Carnage
Wanneer twee jongens van elf jaar ruzie met elkaar krijgen en de een de ander met een stok de tanden eruit slaat, besluiten de ouders Penelope (Jodie Foster) en Michael (John C. Reilly) van het slachtoffertje de ouders Nancy (Kate Winslet) en Alan (Christoph Waltz) van de 'dader' uit te nodigen. Om op een beschaafde manier de situatie te bespreken.
Wat begint als een ogenschijnlijk beleefd gesprek ontaardt binnen de kortste keren in een kinderlijke chaos. Vanaf het begin moet Penelope, een socialiste die een boek over Darfur schrijft, weinig hebben van de onbeleefde Alan, een jurist die om de haverklap aan het telefoneren is.
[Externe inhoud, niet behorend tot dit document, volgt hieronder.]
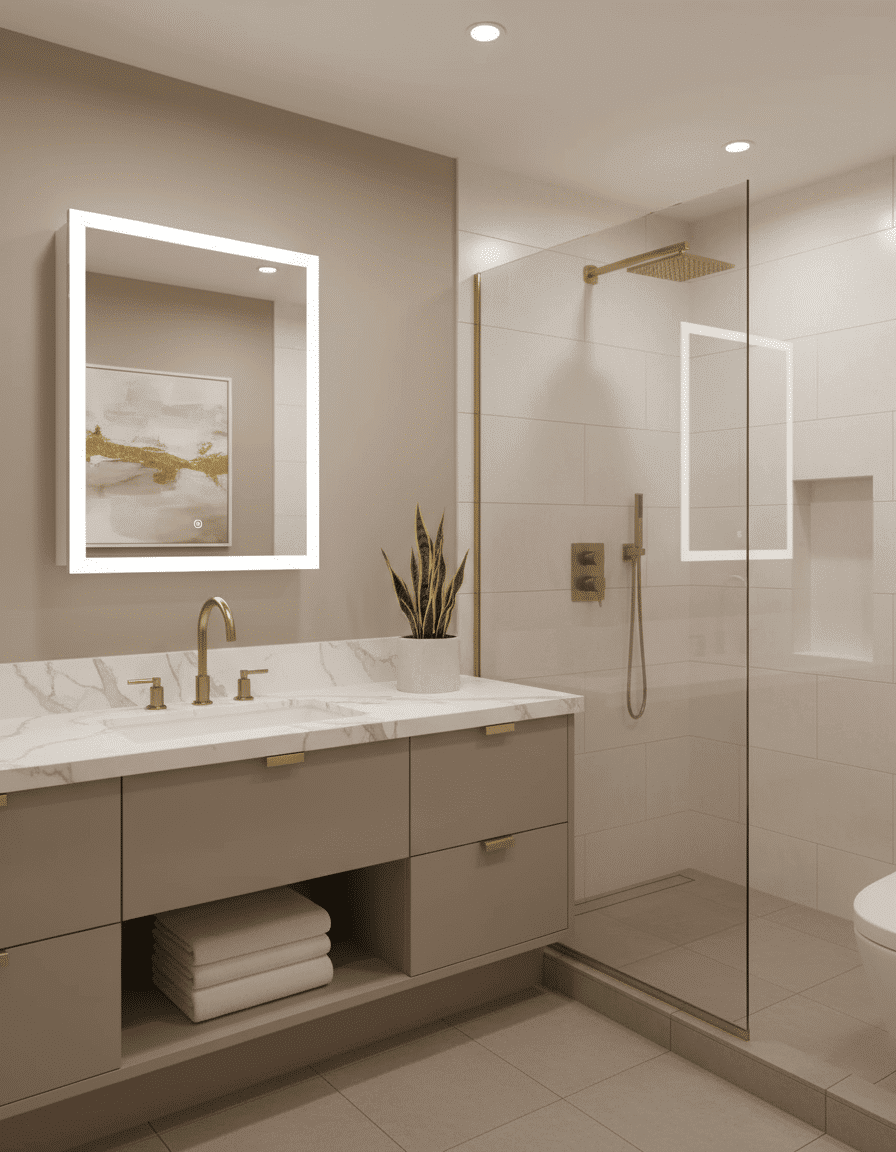 LED Illuminated Bathroom Storage with Color-Changing Lights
Michael, verkoper van huishoudelijke artikelen, probeert juist de goede orde te handhaven. Maar het is uiteindelijk Nancy, een beleggingsadviseur, die met een kotspartij de boel op z'n kop zet.
Gevangen tussen vier muren komen de opgekropte emoties en irritaties naar boven en vliegen de beledigingen en sarcastische opmerkingen in het rond. Christoph Waltz is geweldig als de Amerikaan Alan. Zijn nonchalante, ongeïnteresseerde houding. Zijn telefoongesprekken, die telkens uitmonden in een anticlimax en zijn droge sarcastische opmerkingen zijn aanleiding tot gepaste en ongepaste lachmomenten. Prettig voor de kijker, omdat de langzaam opgebouwde spanning te snijden is. Maar ook de overige drie acteurs zetten voortreffelijke rollen neer.
De film is gebaseerd op het toneelstuk ‘God of Carnage’ van Yasmina Reza die samen met Polanski ook het scenario schreef. In slechts 79 minuten vertelt ‘Carnage’ het verhaal van vier mensen die een psychologisch bloedbad aanrichten. Polanski laat ons opnieuw genieten van een topfilm.